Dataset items

☆ ☆ ☆ ☆

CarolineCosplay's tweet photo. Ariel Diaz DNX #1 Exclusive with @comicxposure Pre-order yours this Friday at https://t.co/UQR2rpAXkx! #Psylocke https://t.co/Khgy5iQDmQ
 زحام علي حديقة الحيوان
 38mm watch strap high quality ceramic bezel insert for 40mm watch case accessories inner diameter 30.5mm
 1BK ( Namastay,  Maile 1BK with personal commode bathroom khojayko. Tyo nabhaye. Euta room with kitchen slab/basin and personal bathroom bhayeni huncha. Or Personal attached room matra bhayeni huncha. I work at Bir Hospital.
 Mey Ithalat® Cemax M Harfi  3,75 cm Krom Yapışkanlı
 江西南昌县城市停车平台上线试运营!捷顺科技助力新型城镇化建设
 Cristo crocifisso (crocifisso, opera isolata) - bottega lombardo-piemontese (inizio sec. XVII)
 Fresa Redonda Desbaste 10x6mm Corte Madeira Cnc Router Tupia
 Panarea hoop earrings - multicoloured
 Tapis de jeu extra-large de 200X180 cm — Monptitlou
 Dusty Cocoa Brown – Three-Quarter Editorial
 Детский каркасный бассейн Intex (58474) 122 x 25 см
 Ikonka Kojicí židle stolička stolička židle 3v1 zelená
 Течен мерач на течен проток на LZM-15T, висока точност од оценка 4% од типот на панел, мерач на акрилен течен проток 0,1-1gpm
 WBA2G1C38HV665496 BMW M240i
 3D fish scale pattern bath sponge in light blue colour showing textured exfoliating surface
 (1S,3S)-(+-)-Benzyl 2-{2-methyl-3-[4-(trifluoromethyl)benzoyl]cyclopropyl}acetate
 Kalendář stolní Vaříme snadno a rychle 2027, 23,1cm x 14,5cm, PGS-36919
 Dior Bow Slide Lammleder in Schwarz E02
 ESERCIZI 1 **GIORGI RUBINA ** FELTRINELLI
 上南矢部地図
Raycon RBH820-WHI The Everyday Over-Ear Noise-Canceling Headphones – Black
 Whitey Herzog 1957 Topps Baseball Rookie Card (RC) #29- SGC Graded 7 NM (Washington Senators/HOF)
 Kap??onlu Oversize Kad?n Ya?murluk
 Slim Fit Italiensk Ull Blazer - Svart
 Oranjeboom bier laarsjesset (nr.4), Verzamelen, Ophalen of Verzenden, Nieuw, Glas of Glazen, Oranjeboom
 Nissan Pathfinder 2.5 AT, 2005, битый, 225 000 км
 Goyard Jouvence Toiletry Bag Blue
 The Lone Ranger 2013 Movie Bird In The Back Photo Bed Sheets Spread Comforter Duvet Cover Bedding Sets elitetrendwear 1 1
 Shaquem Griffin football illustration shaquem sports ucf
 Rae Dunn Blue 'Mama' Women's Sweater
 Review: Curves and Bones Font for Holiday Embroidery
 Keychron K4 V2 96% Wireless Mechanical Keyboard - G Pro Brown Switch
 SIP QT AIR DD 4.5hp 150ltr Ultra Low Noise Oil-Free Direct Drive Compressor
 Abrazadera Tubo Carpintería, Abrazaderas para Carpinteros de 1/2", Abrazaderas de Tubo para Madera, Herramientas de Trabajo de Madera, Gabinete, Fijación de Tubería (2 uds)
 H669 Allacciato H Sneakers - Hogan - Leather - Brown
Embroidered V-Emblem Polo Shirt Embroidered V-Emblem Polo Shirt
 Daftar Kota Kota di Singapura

☆ ☆ ☆ ☆

- REQUIREMENT -
Return, please, the lines of the data from the first through the line containing "Mey Ithalat® Cemax", both kept, exactly as they stand and nothing more.

- RESULT BELOW -
CarolineCosplay's tweet photo. Ariel Diaz DNX #1 Exclusive with @comicxposure Pre-order yours this Friday at https://t.co/UQR2rpAXkx! #Psylocke https://t.co/Khgy5iQDmQ
 زحام علي حديقة الحيوان
 38mm watch strap high quality ceramic bezel insert for 40mm watch case accessories inner diameter 30.5mm
 1BK ( Namastay,  Maile 1BK with personal commode bathroom khojayko. Tyo nabhaye. Euta room with kitchen slab/basin and personal bathroom bhayeni huncha. Or Personal attached room matra bhayeni huncha. I work at Bir Hospital.
 Mey Ithalat® Cemax M Harfi  3,75 cm Krom Yapışkanlı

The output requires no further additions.